> [Work item]:
When the data below is printed, every line must match exactly and the images must be absent.

> [Information shown]:
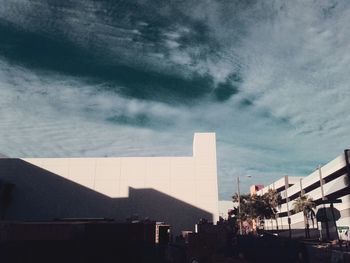 People walking in city against cloudy sky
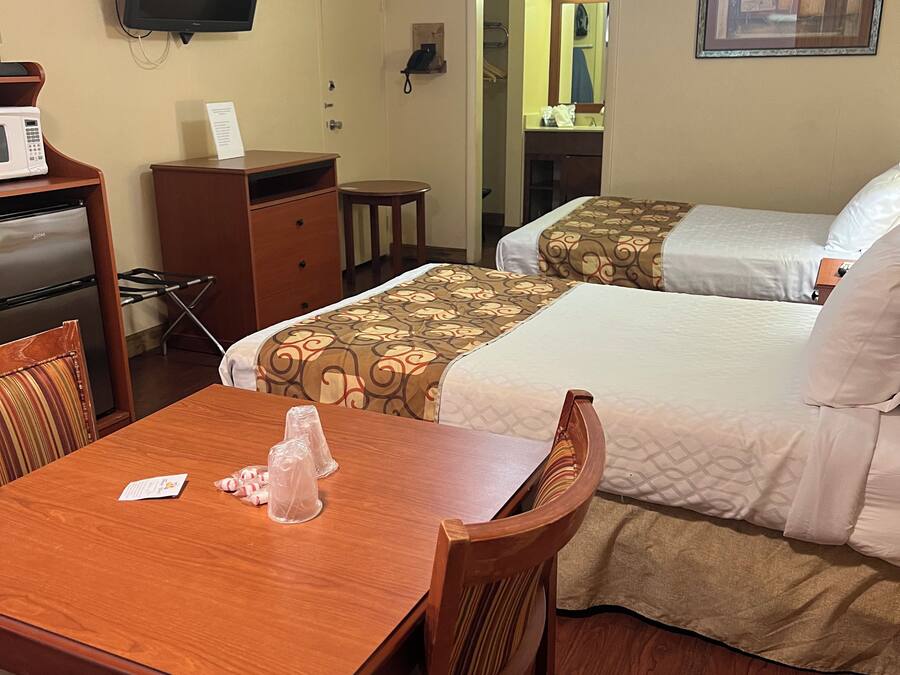 A hotel room with a wooden table, two beds, a ceiling fan, a television, and a microwave.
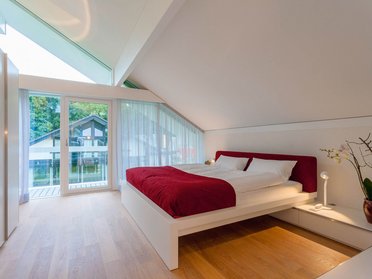 Helles Schlafzimmer mit Schrägdach, Balkon und minimalistischer Einrichtung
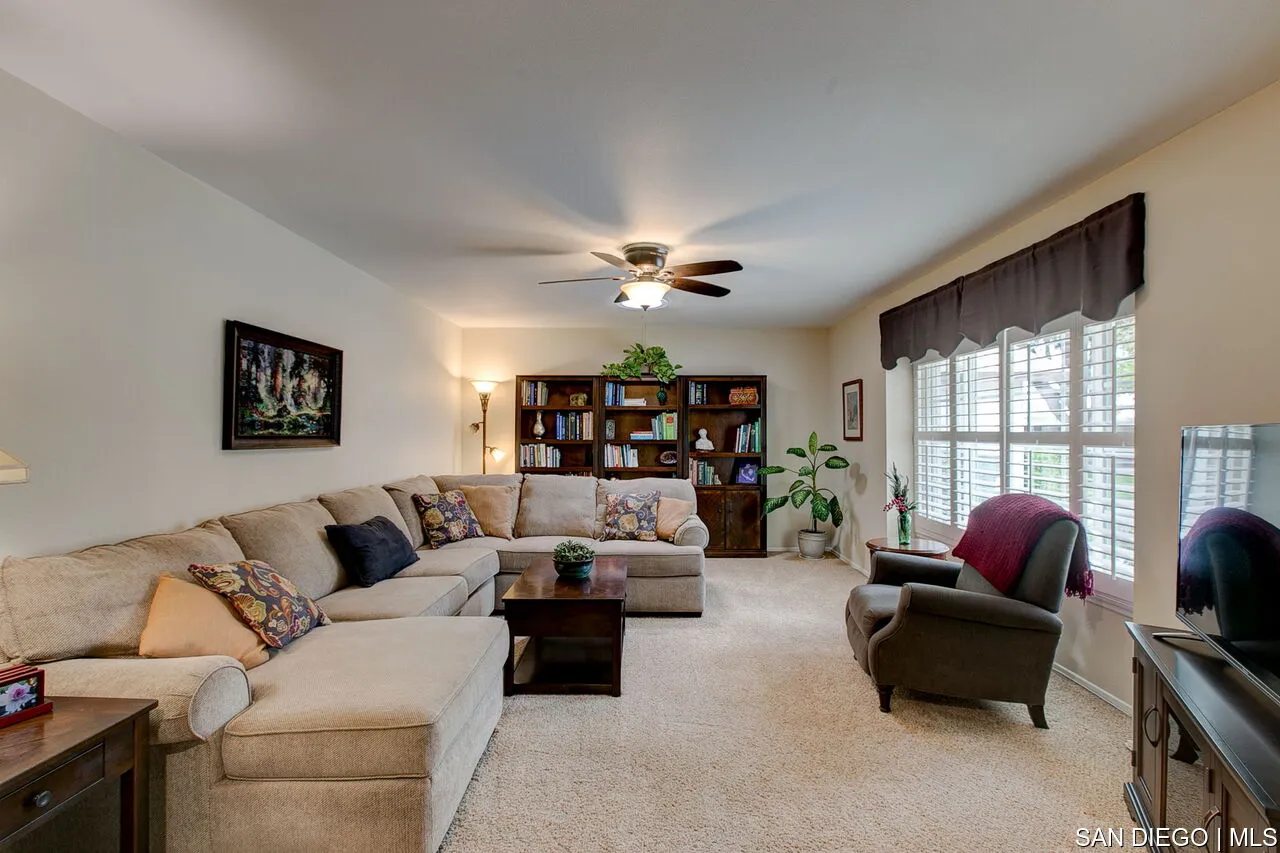 4700 Circle Lazy J Road Riverside, CA 92501 - Photo 11 of 24 a living room with furniture and a large window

> [Task output]:
 People walking in city against cloudy sky
 A hotel room with a wooden table, two beds, a ceiling fan, a television, and a microwave.
 Helles Schlafzimmer mit Schrägdach, Balkon und minimalistischer Einrichtung
 4700 Circle Lazy J Road Riverside, CA 92501 - Photo 11 of 24 a living room with furniture and a large window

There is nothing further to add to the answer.